Indian scientist (1909–1989)

Suri Bhagavantam (సూరి భగవంతం, ; 14 October 1909 – 6 February 1989) was an Indian scientist and administrator. He was Vice chancellor of Osmania University and Director of Indian Institute of Science and Defence Research and Development Organisation.

==Early life==
Bhagavantam was born in Agiripalli, a village in Andhra Pradesh. After primary education in Gudivada, he obtained a Bachelor of Science degree in physics from Nizam College, Hyderabad, under Madras University. Impressed by the discoveries of C. V. Raman, he relocated to Calcutta and joined him in 1928. After the Nobel Prize-winning discovery, Raman chose Bhagavantam as his collaborator to further his research work. He earned his master's degree in science from Madras University during this period.

When Raman joined the Indian Institute of Science as its director in 1933, he recommended Bhagavantam to join Andhra University, Waltair as lecturer in physics. During that period, he became a popular lecturer and rose to become a professor and head of the department in 1938 and Principal of University College in 1941. The university conferred on him the D.Sc. degree (honoris causa). He wrote the well known book titled The Theory of Groups and its Physical Applications along with Venkata Rayudu. This book was published in three editions and was translated into Russian. It is often said that a whole generation of spectroscopists are brought up on this book. The other book he wrote here is titled Scattering of Light and Raman Effect.

After Indian independence, he joined as scientific adviser to the Indian High Commission in London under V. K. Krishna Menon between 1948 and 1949. He travelled to many European countries and delivered scientific lectures.

He returned to India in 1949 and joined Osmania University as head of the Physics Department. During this period, there was a spurt in research activity and more than 12 Ph.D. students got their doctorates. He was chosen as vice chancellor in 1952.

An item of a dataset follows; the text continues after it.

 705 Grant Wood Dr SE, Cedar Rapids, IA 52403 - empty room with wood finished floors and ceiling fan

In 1957, he became the Director of the Indian Institute of Science in Bangalore and served in that position for five years. He was appointed as the scientific adviser to the Government of India under the Ministry of Defence headed by Krishna Menon.

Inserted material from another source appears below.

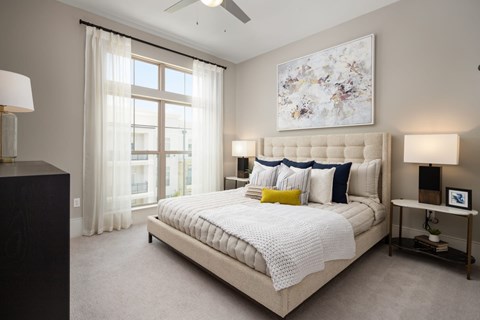 A bedroom with a large bed and a ceiling fan.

He joined as Director of the Defence Research and Development Organisation (DRDO) in 1962 after the Indo-Chinese War when Y B Chavan was the Defence Minister. He retired from the service in 1969.

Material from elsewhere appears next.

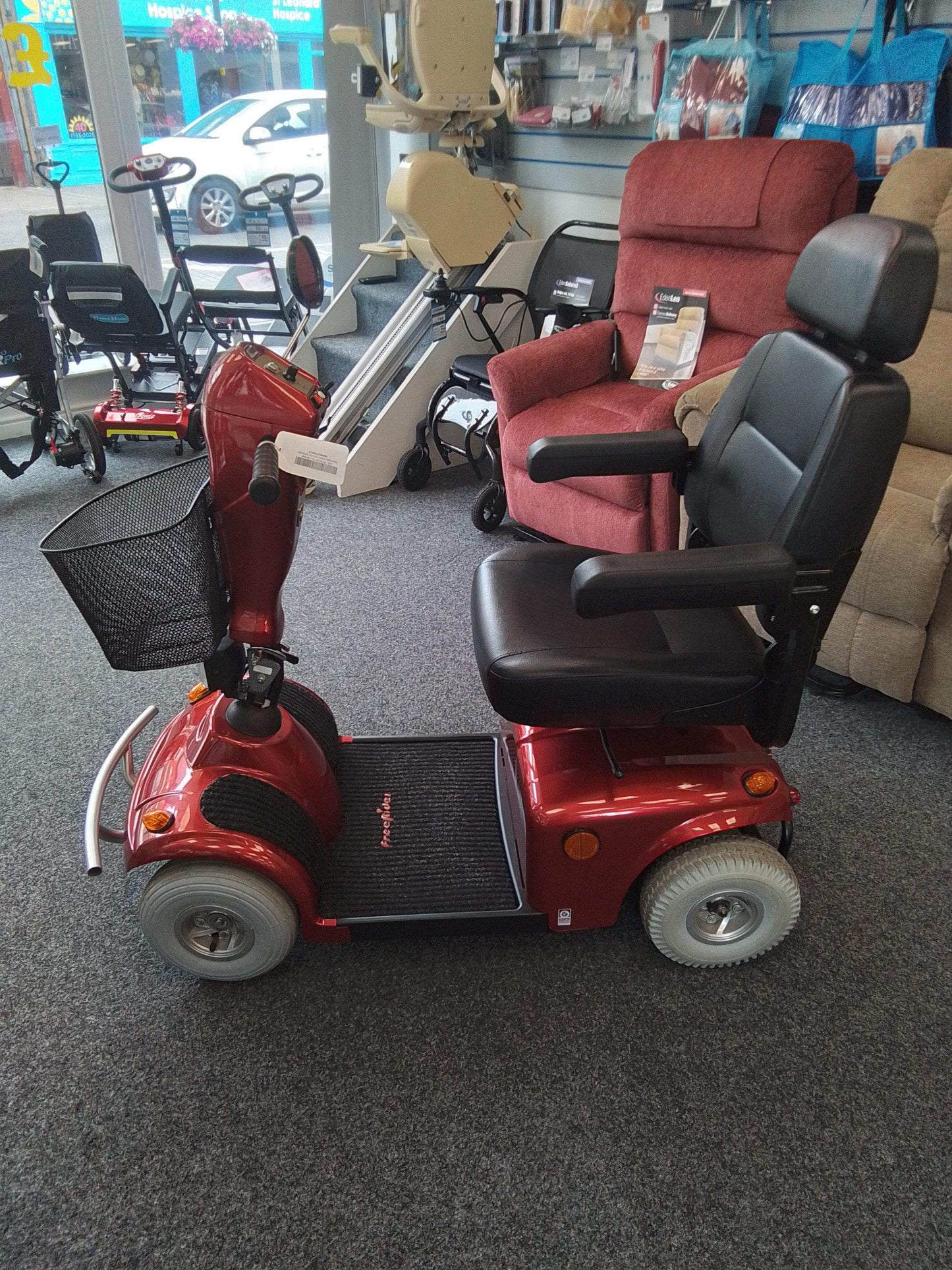 Red Freerider Mayfair Mobility Scooter In Showroom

His birth centenary celebrations were held at Osmania University in 2009.

==Positions held==
- Principal of University College, Andhra University.
- Vice Chancellor, Osmania University in 1952.
- He was Director of Indian Institute of Science between 1957 and 1962.
- He was Director of Defence Research and Development Organisation in 1962
- He was president of the Current Science Association between 1970 and 1976.